* _Problem to solve_
Your answer should be the exact lines of the data below from the one containing "Liu Jo Embroidered Sleeveless Top - White" through the one containing "Pink And White"; please include nothing else.

* _Available records_
★ ★ ★
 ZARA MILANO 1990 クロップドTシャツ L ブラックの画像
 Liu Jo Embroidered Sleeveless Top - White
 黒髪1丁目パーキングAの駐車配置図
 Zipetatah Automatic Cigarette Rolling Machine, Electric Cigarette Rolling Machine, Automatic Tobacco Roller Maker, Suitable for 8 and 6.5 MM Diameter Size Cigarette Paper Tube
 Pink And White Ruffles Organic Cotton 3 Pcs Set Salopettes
★ ★ ★
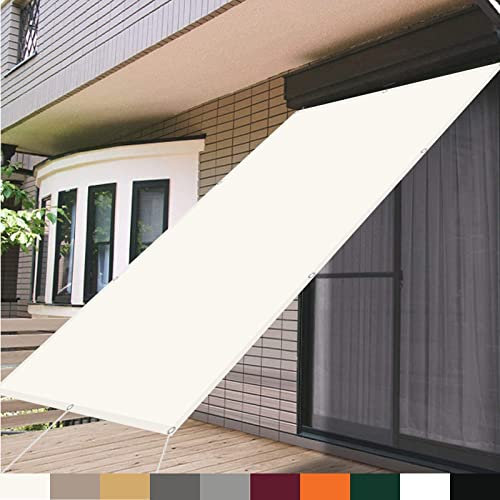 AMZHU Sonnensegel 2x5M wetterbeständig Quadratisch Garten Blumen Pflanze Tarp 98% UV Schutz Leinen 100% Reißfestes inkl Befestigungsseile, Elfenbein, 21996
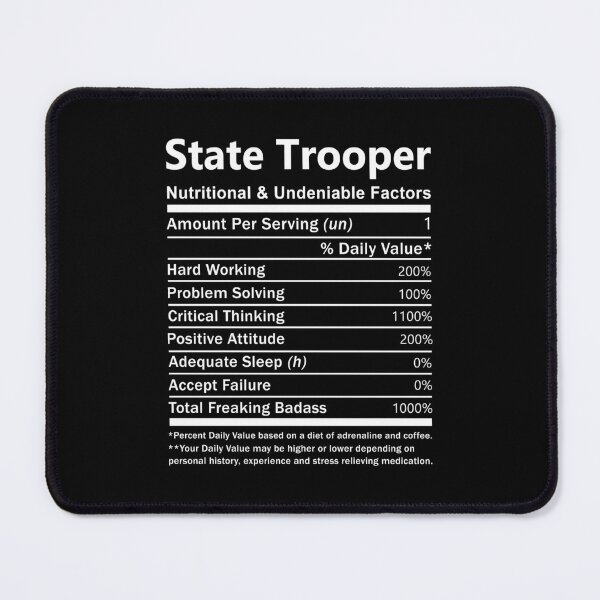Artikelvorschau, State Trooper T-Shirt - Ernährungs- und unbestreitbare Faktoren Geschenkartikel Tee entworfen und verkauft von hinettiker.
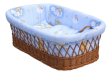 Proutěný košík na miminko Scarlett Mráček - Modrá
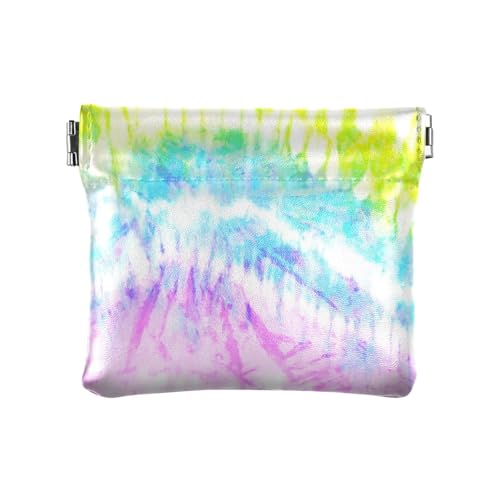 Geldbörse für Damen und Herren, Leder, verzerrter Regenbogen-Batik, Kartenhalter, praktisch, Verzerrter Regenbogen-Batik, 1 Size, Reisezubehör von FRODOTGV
★ ★ ★
* _Finished task_
 Liu Jo Embroidered Sleeveless Top - White
 黒髪1丁目パーキングAの駐車配置図
 Zipetatah Automatic Cigarette Rolling Machine, Electric Cigarette Rolling Machine, Automatic Tobacco Roller Maker, Suitable for 8 and 6.5 MM Diameter Size Cigarette Paper Tube
 Pink And White Ruffles Organic Cotton 3 Pcs Set Salopettes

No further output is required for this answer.